Muito foi falado sobre a vaia dirigida à nossa presidenta na abertura da Copa do Mundo e eu também enfio a colher no assunto.
Vaiar, segundo o dicionário Aurélio, é manifestar desagrado, isoladamente ou em grupo, e de forma pública.
* *
Aí está. Hoje em dia, no Brasil, a livre manifestação é possível. Já houve tempo em que o medo dominava e todos tinham de rezar – ou fazer de conta que rezavam – por uma só cartilha. O exercício do direito à livre manifestação é sinal de que a democracia funciona.
As democracias mais consolidadas do planeta convivem bem com a diversidade de pensamento. Com a vaia, por conseguinte. Procure na internet e você encontrará uma série de situações de vaia ao presidente Obama, por exemplo. Por sua vez, o presidente da França foi vaiado em plena homenagem aos heróis da primeira guerra mundial, no ano passado. O rei da Espanha quase acostumou a enfrentar apupos. Etc., etc.
Ou seja, olhando deste ângulo, dá para entender que a vaia no Itaquerão é um atestado do avanço que aconteceu em nosso país. Além de aplaudir, hoje também podemos mostrar o desagrado.
**
Agora, olhando a questão do lado do governante, é claro que a autoridade espera receber homenagens em vez de vaias. Mas a vaia é parte dos ossos do ofício… Quem governa tem de saber que não agrada a todos.
Para o governante, a presença num espaço público, como um estádio, é sempre um risco. Risco bem maior do que a presença num comício lotado de simpatizantes… Quando decide comparecer a um estádio, a autoridade se expõe a chuvas e trovoadas. Ali, um grupo de cidadãos tem chance de falar diretamente. Pode ser que diga o que ninguém gosta de ouvir.
* *
Nossa presidenta não ignorava que existem dúvidas sobre o acerto de fazer a Copa no Brasil. Mostrou coragem comparecendo à solenidade de abertura. Na circunstância, o que de melhor podia fazer, fez, ou seja, desistiu de proferir discurso e aguentou impávida o coro e a chacota.

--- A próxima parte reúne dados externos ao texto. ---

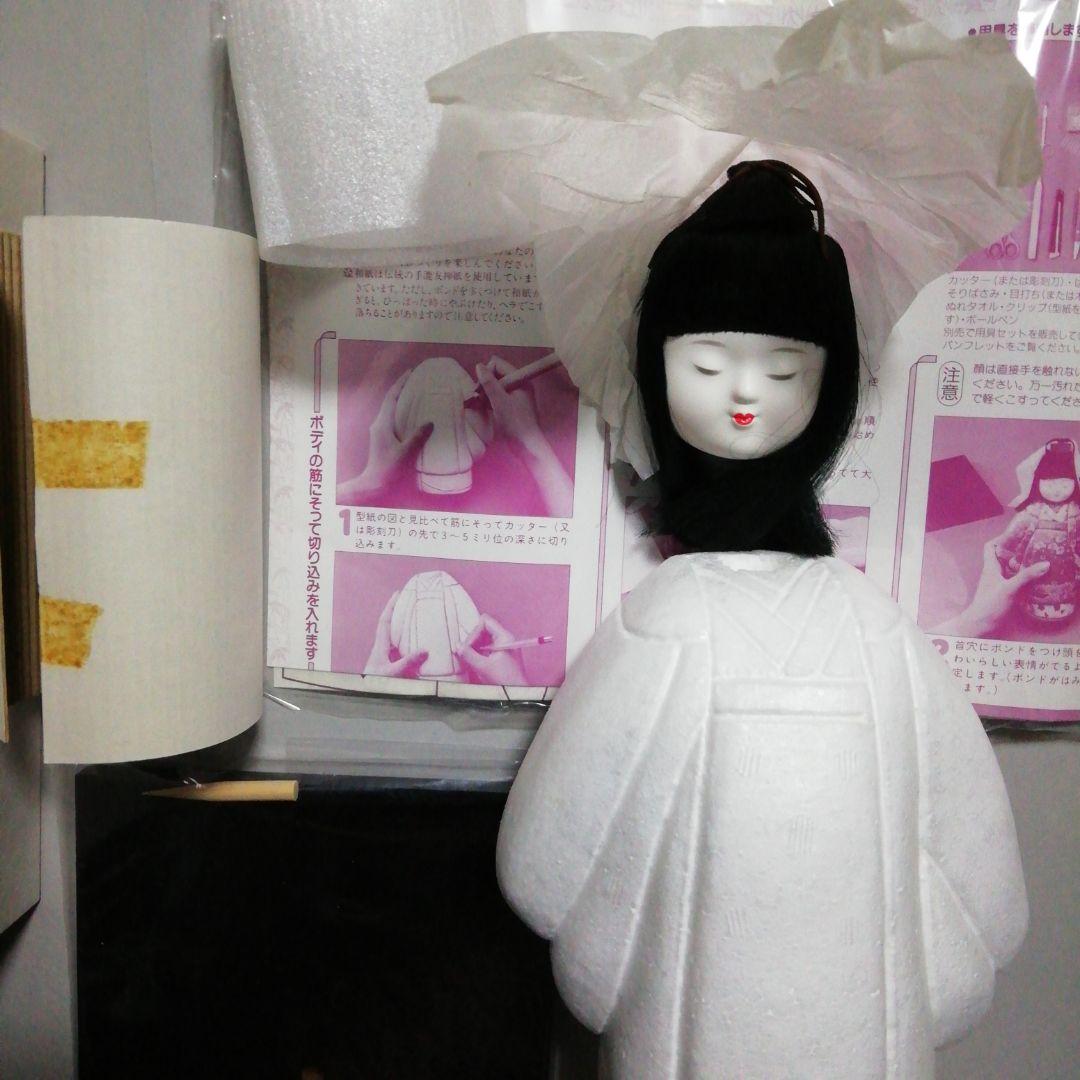 きめこみ和紙人形ハンドメイド「彩人形」2種類 A . B 高さ台とも23cm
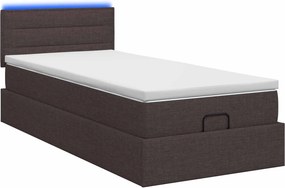vidaXL Κρεβάτι Ottoman με Στρώμα και LED Σκούρο Καφέ 90 x 200 cm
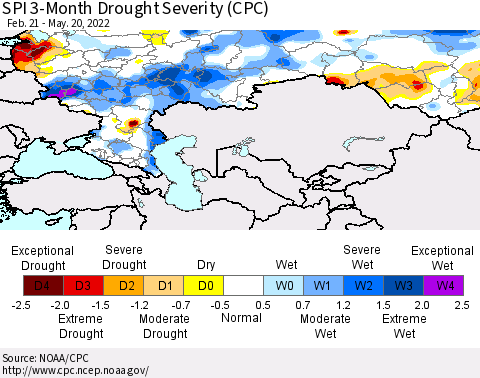 Russian Federation SPI 3-Month Drought Severity (CPC) Thematic Map For 2/21/2022 - 5/20/2022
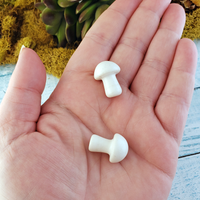 White Agate Gemstone Toadstool Mushroom Carving - Mini Shroom!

Por tudo isto entendo que a reprovação que a vaia recebeu se direciona mais para o tipo de expressão utilizada – que foi mesmo muito grossa.
Em todo o caso, olhando de mais um outro ângulo, o que esperar num momento como aquele, na beirinha da estreia do Brasil, com todas as emoções à flor da pele? O que esperar dessa mistura de raiva e de vergonha e de esperança e patriotismo, mais o medo do futuro que se abate sobre o povo brasileiro nesta altura?
* *
E o que esperar num estádio, onde se costuma xingar juiz, mãe de juiz, bandeirinha, jogador, gandula e o diabo-a-quatro?